I'm not familiar with cellulose (in this context), but ouch! I feel your pain. Sorry to hear about your mishap.

I heard a rumor that there might be an aftermarket head coming out, but I'm afraid I have no particulars whatsoever.


----------



## zike (Jan 3, 2009)

As a Canadian (halfway between an American and a Brit  ) I'm betting that "cellulose" is a reference to lacquer thinner.


----------



## Tanis-uk (Jan 8, 2011)

zike said:


> As a Canadian (halfway between an American and a Brit  ) I'm betting that "cellulose" is a reference to lacquer thinner.


Yep. keep forgeting we have different meanings, I once made a mistake of saying I like ******* in their own juices, its a british meal


----------



## JamesInNC (Sep 17, 2011)

From all the great customer service stories I've read about Moebious, perhaps you should contact them and find out if they will send you a replacement head.

James


----------



## Tanis-uk (Jan 8, 2011)

Paulbo said:


> I'm not familiar with cellulose (in this context), but ouch! I feel your pain. Sorry to hear about your mishap.
> 
> I heard a rumor that there might be an aftermarket head coming out, but I'm afraid I have no particulars whatsoever.

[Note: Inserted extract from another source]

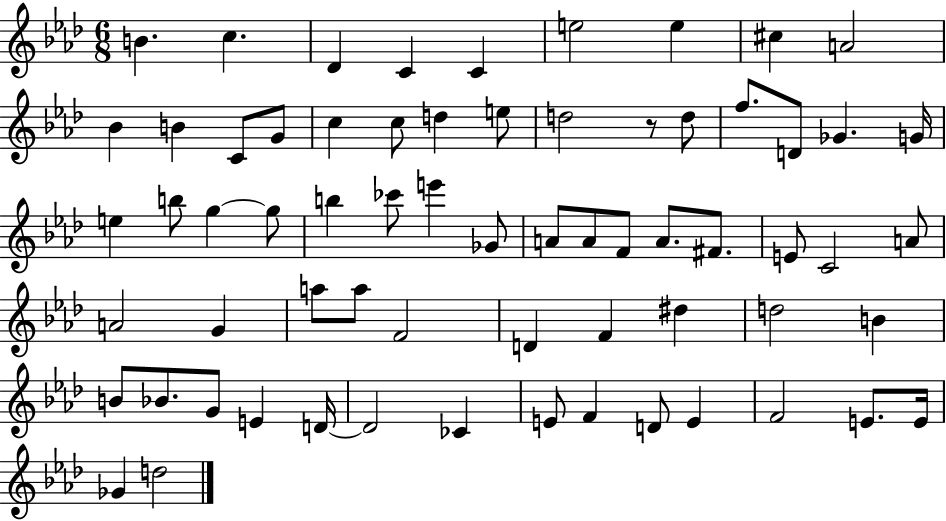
B4/q. C5/q. Db4/q C4/q C4/q E5/h E5/q C#5/q A4/h Bb4/q B4/q C4/e G4/e C5/q C5/e D5/q E5/e D5/h R/e D5/e F5/e. D4/e Gb4/q. G4/s E5/q B5/e G5/q G5/e B5/q CES6/e E6/q Gb4/e A4/e A4/e F4/e A4/e. F#4/e. E4/e C4/h A4/e A4/h G4/q A5/e A5/e F4/h D4/q F4/q D#5/q D5/h B4/q B4/e Bb4/e. G4/e E4/q D4/s D4/h CES4/q E4/e F4/q D4/e E4/q F4/h E4/e. E4/s Gb4/q D5/h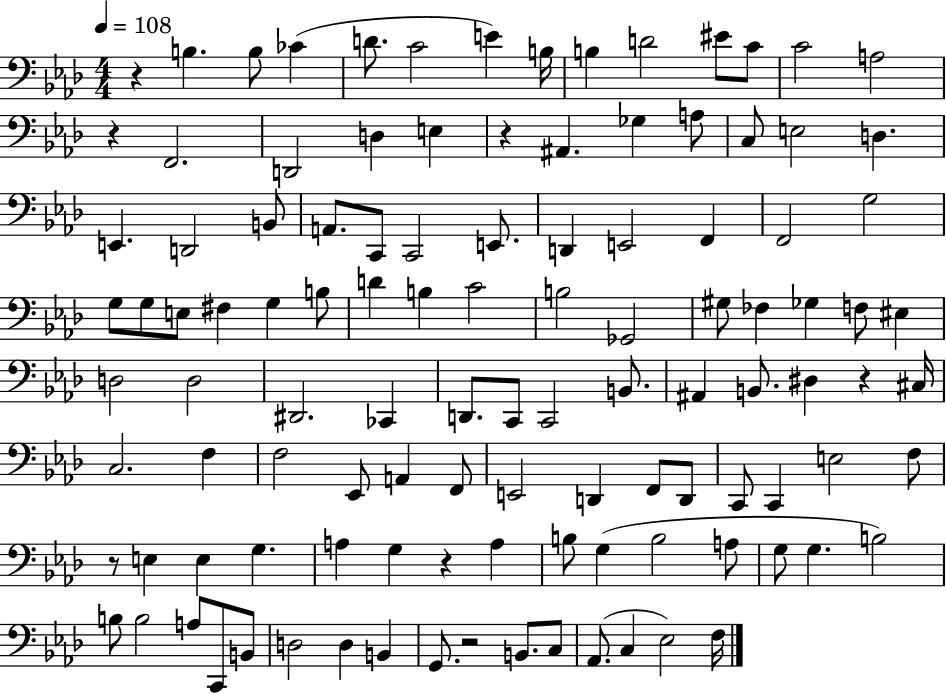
R/q B3/q. B3/e CES4/q D4/e. C4/h E4/q B3/s B3/q D4/h EIS4/e C4/e C4/h A3/h R/q F2/h. D2/h D3/q E3/q R/q A#2/q. Gb3/q A3/e C3/e E3/h D3/q. E2/q. D2/h B2/e A2/e. C2/e C2/h E2/e. D2/q E2/h F2/q F2/h G3/h G3/e G3/e E3/e F#3/q G3/q B3/e D4/q B3/q C4/h B3/h Gb2/h G#3/e FES3/q Gb3/q F3/e EIS3/q D3/h D3/h D#2/h. CES2/q D2/e. C2/e C2/h B2/e. A#2/q B2/e. D#3/q R/q C#3/s C3/h. F3/q F3/h Eb2/e A2/q F2/e E2/h D2/q F2/e D2/e C2/e C2/q E3/h F3/e R/e E3/q E3/q G3/q. A3/q G3/q R/q A3/q B3/e G3/q B3/h A3/e G3/e G3/q. B3/h B3/e B3/h A3/e C2/e B2/e D3/h D3/q B2/q G2/e. R/h B2/e. C3/e Ab2/e. C3/q Eb3/h F3/s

Thanks for the heads up, pls exscuse the pun :thumbsup:


----------



## Seaview (Feb 18, 2004)




----------



## Tanis-uk (Jan 8, 2011)

JamesInNC said:


> From all the great customer service stories I've read about Moebious, perhaps you should contact them and find out if they will send you a replacement head.
> 
> James


Just emailed Frank, but as I'm in the UK it could be just as cheep to order a new kit from the States


----------



## Seaview (Feb 18, 2004)

Tanis-uk said:


> Yep. keep forgeting we have different meanings, I once made a mistake of saying I like ******* in their own juices, its a british meal


 
We call them "meatballs in gravy". I wonder what the Aussies call 'em?


----------



## Tanis-uk (Jan 8, 2011)

Seaview said:


> We call them "meatballs in gravy". I wonder what the Aussies call 'em?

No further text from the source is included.